Ki Caleb, Terhorst Jonathan
Department of Statistics, University of Michigan.
J Am Stat Assoc. 2024;119(547):2242-2255. doi: 10.1080/01621459.2023.2252570. Epub 2023 Oct 3.
In statistical genetics, the sequentially Markov coalescent (SMC) is an important family of models for approximating the distribution of genetic variation data under complex evolutionary models. Methods based on SMC are widely used in genetics and evolutionary biology, with significant applications to genotype phasing and imputation, recombination rate estimation, and inferring population history. SMC allows for likelihood-based inference using hidden Markov models (HMMs), where the latent variable represents a genealogy. Because genealogies are continuous, while HMMs are discrete, SMC requires discretizing the space of trees in a way that is awkward and creates bias. In this work, we propose a method that circumvents this requirement, enabling SMC-based inference to be performed in the natural setting of a continuous state space. We derive fast, exact procedures for frequentist and Bayesian inference using SMC. Compared to existing methods, ours requires minimal user intervention or parameter tuning, no numerical optimization or E-M, and is faster and more accurate.

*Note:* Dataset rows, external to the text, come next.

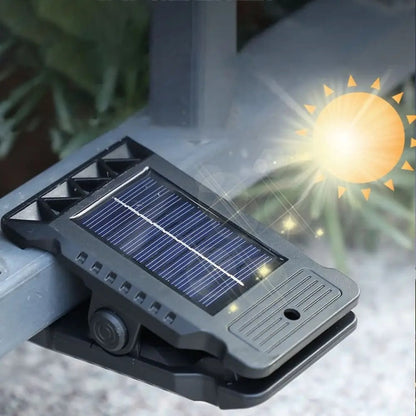 Outdoor Solar Light Motion Sensor Garden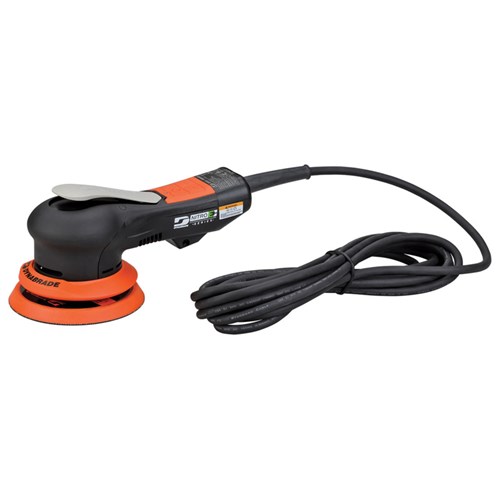 5" (125 mm) Dia. Non-Vacuum Nitro-E Series Random Orbital Sander, Non-Vac Short Hook Pad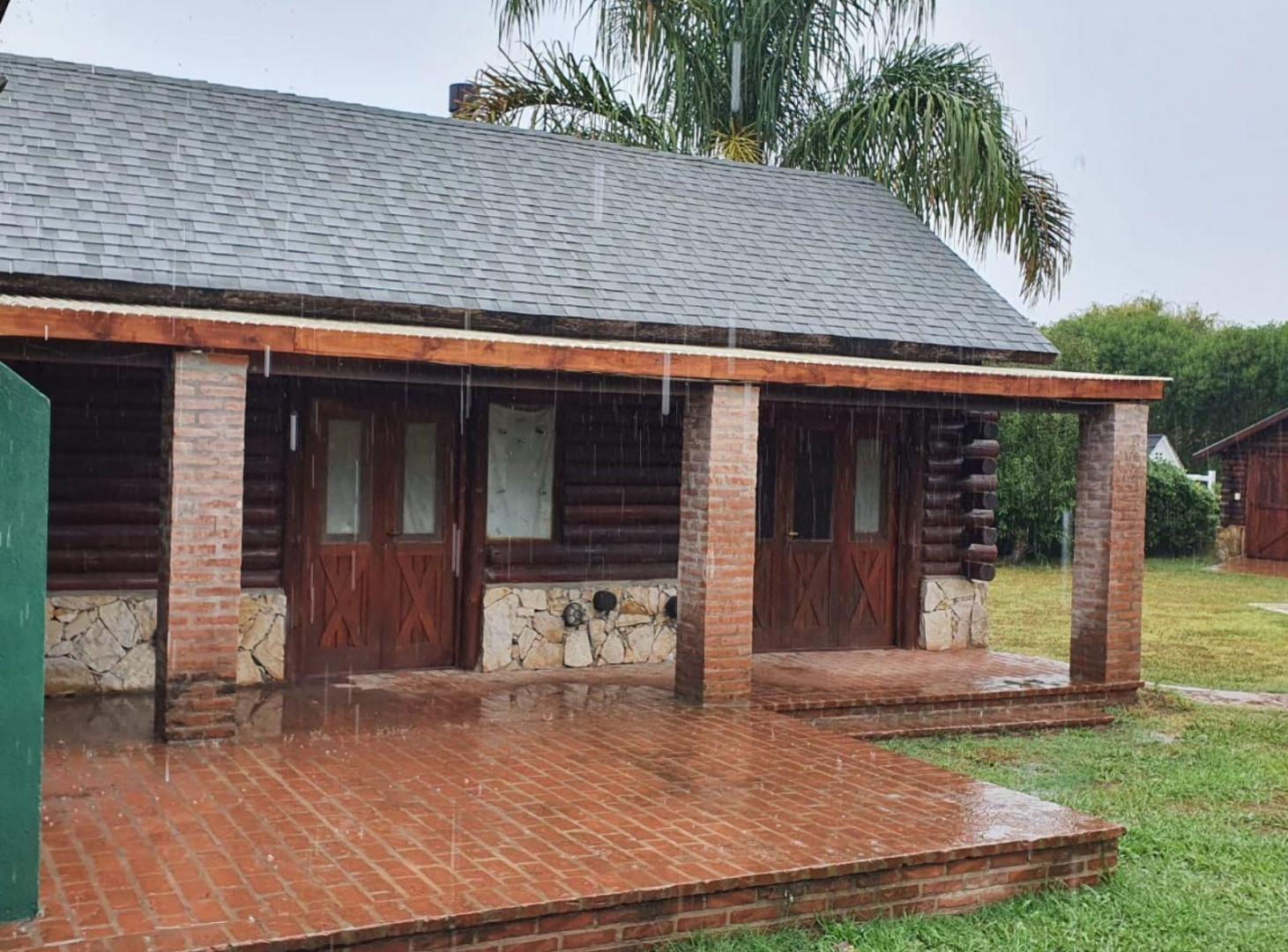 Casa tres dormitorios- barrio cerrado Haras Del Sur I. Brandsen La plata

在统计遗传学中,序列马尔可夫合并模型(SMC)是一类重要的模型家族,用于在复杂进化模型下近似遗传变异数据的分布。基于SMC的方法在遗传学和进化生物学中被广泛使用,在基因型定相和插补、重组率估计以及推断种群历史等方面有重要应用。SMC允许使用隐马尔可夫模型(HMM)进行基于似然的推断,其中潜在变量表示一个谱系。由于谱系是连续的,而HMM是离散的,SMC需要以一种笨拙且会产生偏差的方式对树的空间进行离散化。在这项工作中,我们提出了一种规避此要求的方法,使基于SMC的推断能够在连续状态空间的自然环境中进行。我们推导出了使用SMC进行频率主义和贝叶斯推断的快速、精确程序。与现有方法相比,我们的方法需要最少的用户干预或参数调整,无需数值优化或期望最大化算法,并且更快、更准确。